قد كانت لكم أسوة حسنة في إبرهيم والذين معه إذ قالوا لقومهم إنا برءؤا منكم ومما تعبدون من دون الله كفرنا بكم وبدا بيننا وبينكم العدوة والبغضاء أبدا حتى تؤمنوا بالله وحده إلا قول إبرهيم لأبيه لأستغفرن لك وما أملك لك من الله من شيء ربنا عليك توكلنا وإليك أنبنا وإليك المصير
Sizin için İbrahim ve onunla beraber olanlarda güzel bir örnek vardır. Onunla beraber olanlar, halklarına, “Biz, sizden ve sizin ALLAH’ın dışında hizmet ettiklerinizden uzağız. Sizi tanımıyoruz. Yalnız ALLAH’ı onaylayıncaya kadar bizimle sizin aranızda ebedi olarak düşmanlık ve nefret belirmiştir. Ne var ki, İbrahim’in babasına “Senin bağışlanman için dua edeceğim, fakat ALLAH’tan gelecek hiçbir şeye karşı seni koruyamam.” Biçimindeki sözü (bir hata olarak) bunun dışındaydı. “Efendimiz, sana güvendik, sana yöneldik ve sonunda sana döneceğiz.”*
Bak 33:21.
Arapça “VAHDEHU“ (YALNIZ/SADECE) sözcüğü Kuran’da altı kez geçmekte olup bunlardan birisi, SADECE Kuran’ı izlememizi emreder (17:46). “SADECE Allah“ ifadesi 7:70; 39:45; 40:12,84 ve 60:4 ayetlerinde geçer.

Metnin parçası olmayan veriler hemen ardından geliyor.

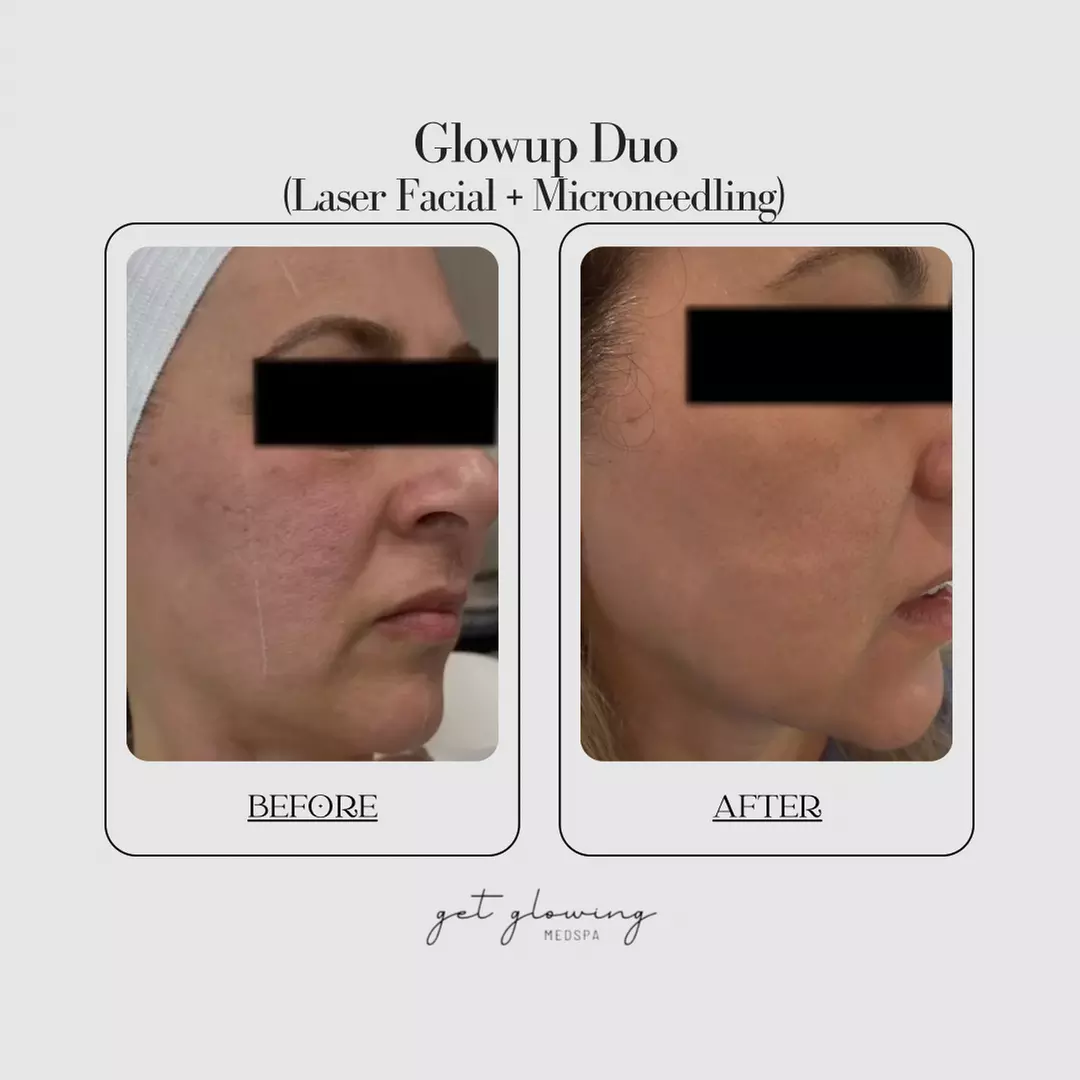 Up to 65% Off on Micro-Needling with PRP at Get Glowing Medspa  - Second Medium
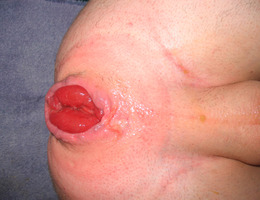 Fisting anal and more gelery Image 4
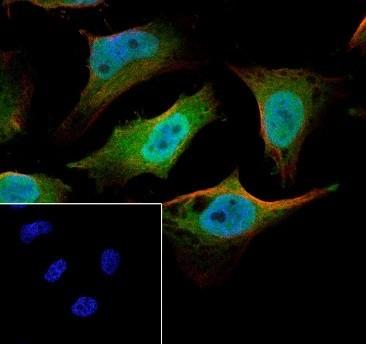 Recombinant Pin1 Monoclonal Antibody - 3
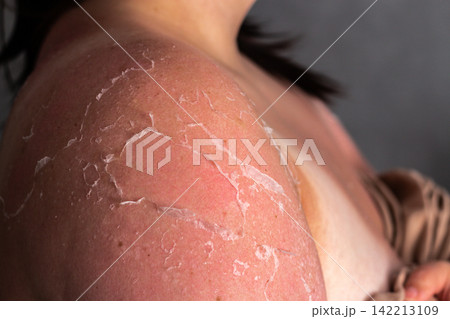Close up peeling skin and shedding old skin layers on shoulders and arms after sunburn. Visible UV damage. Result of not using SPF protection Close up peeling skin and shedding old skin layers on shoulders and arms after sunburn. Visible UV damage. Result of not using SPF protection 142213109
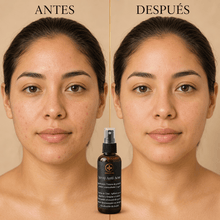 Cargar imagen en el visor de la galería, Antes y después del uso del Spray para Imperfecciones con Propóleo y Miel, mostrando resultados visibles en la piel.
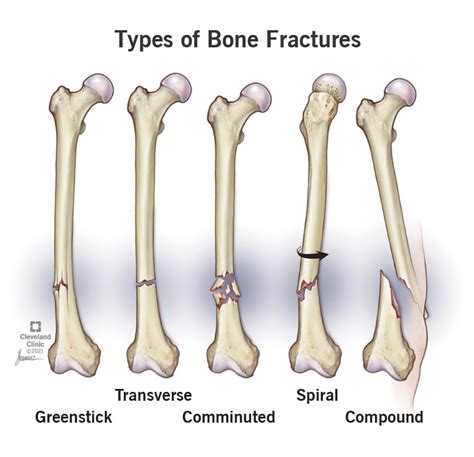 Compound Fracture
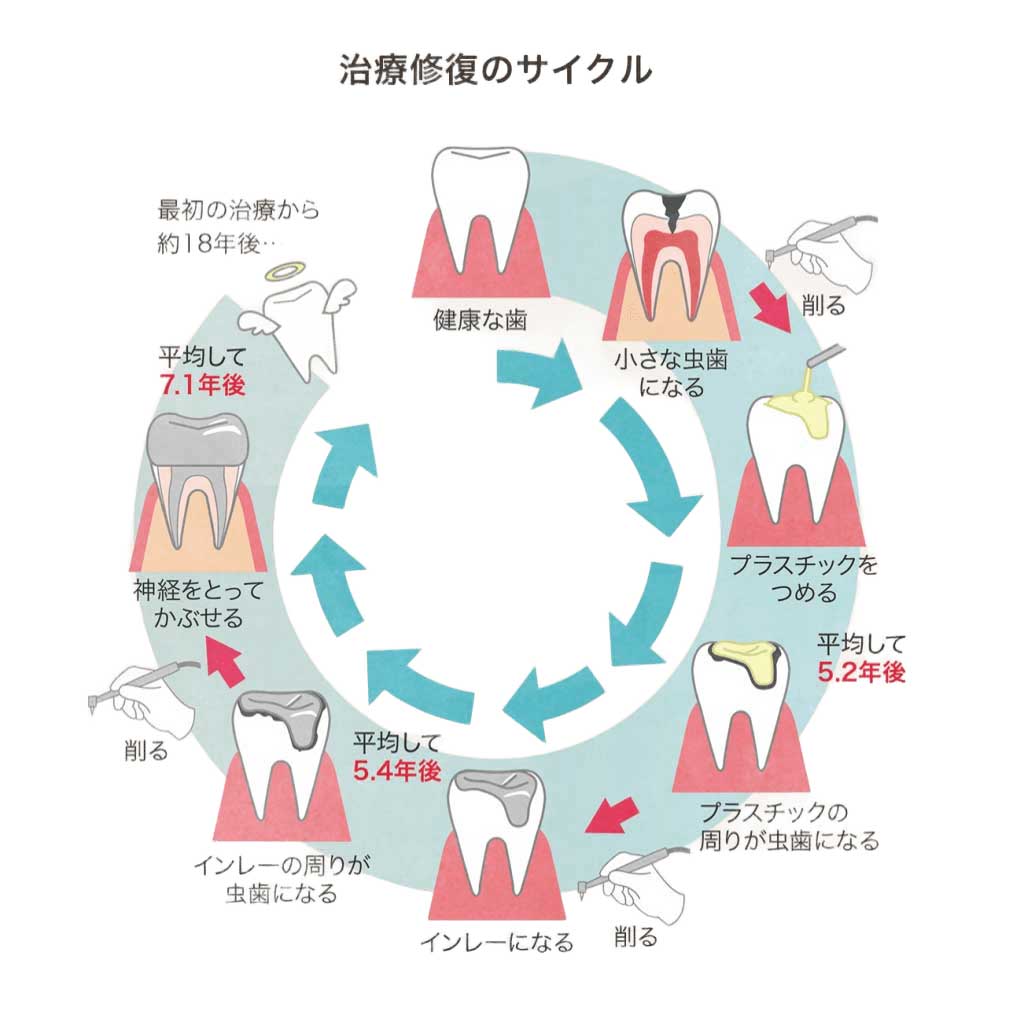 綾瀬の歯医者、新井歯科医院が、神経を抜かない治療にこだわる理由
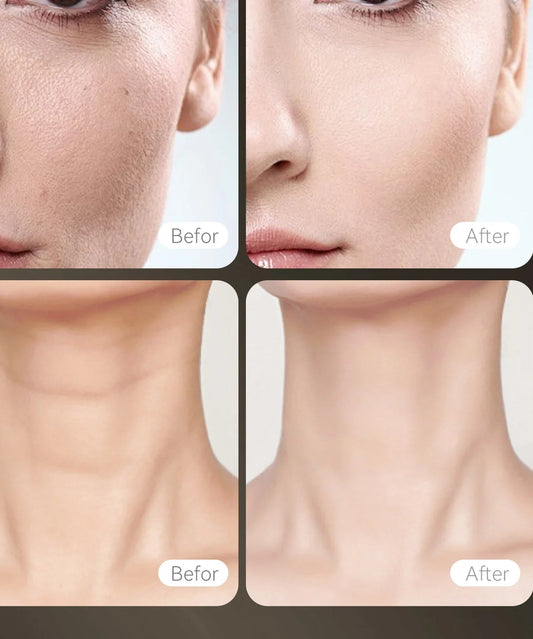Rechargeable Hello Face Red Light Face & Neck Mask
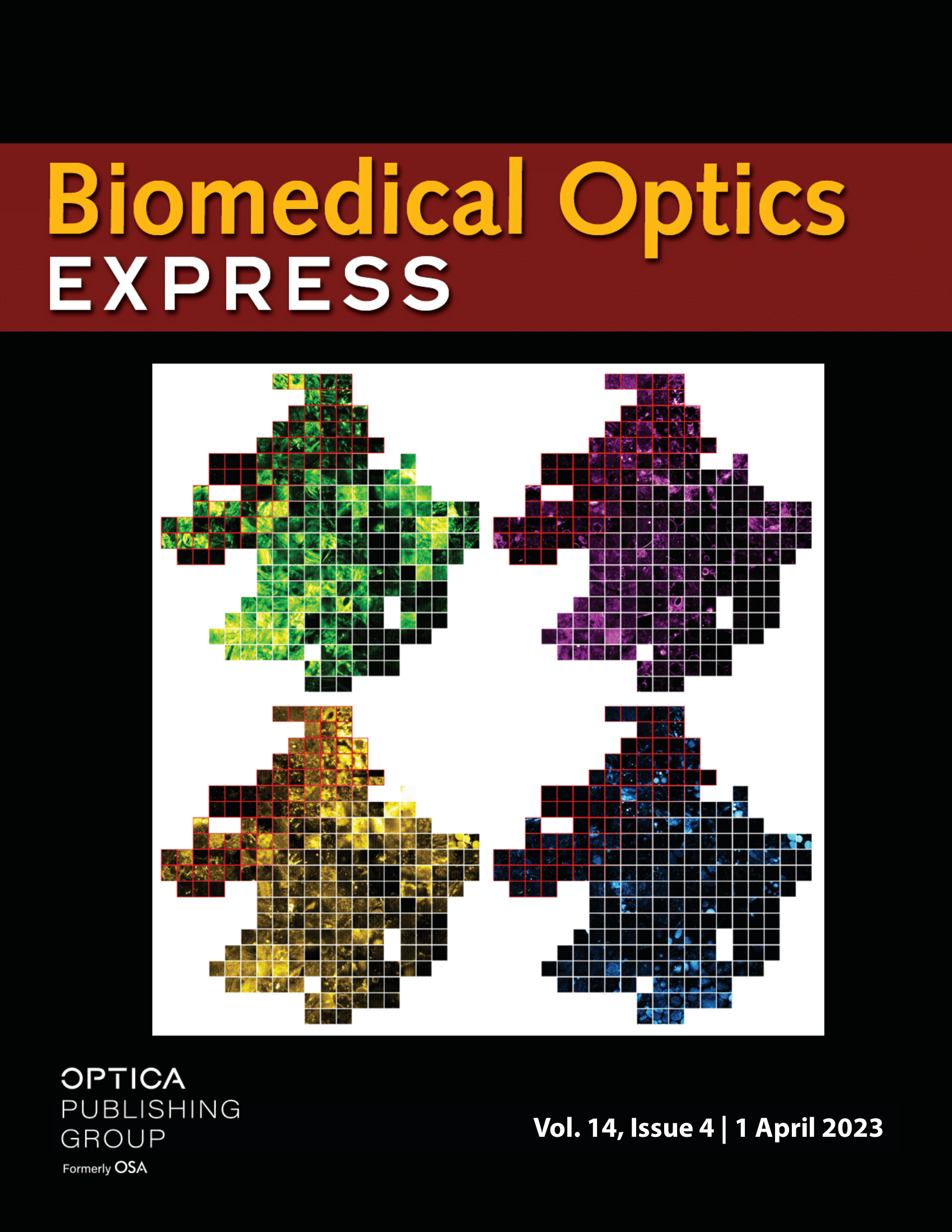 Weakly supervised identification of microscopic human breast cancer-related optical signatures from normal-appearing breast tissue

Bu sayıların toplamı 361, yani 19x19 etmekte ve böylece Kuran’ın ana mesajının “SADECE Allah’a kulluk etmek“ olduğunu vurgulamaktadır.
Müşriklerin doğru yolu bulması için dua edebiliriz; ancak onların bağışlanmasını dileyemeyiz (4:48, 116).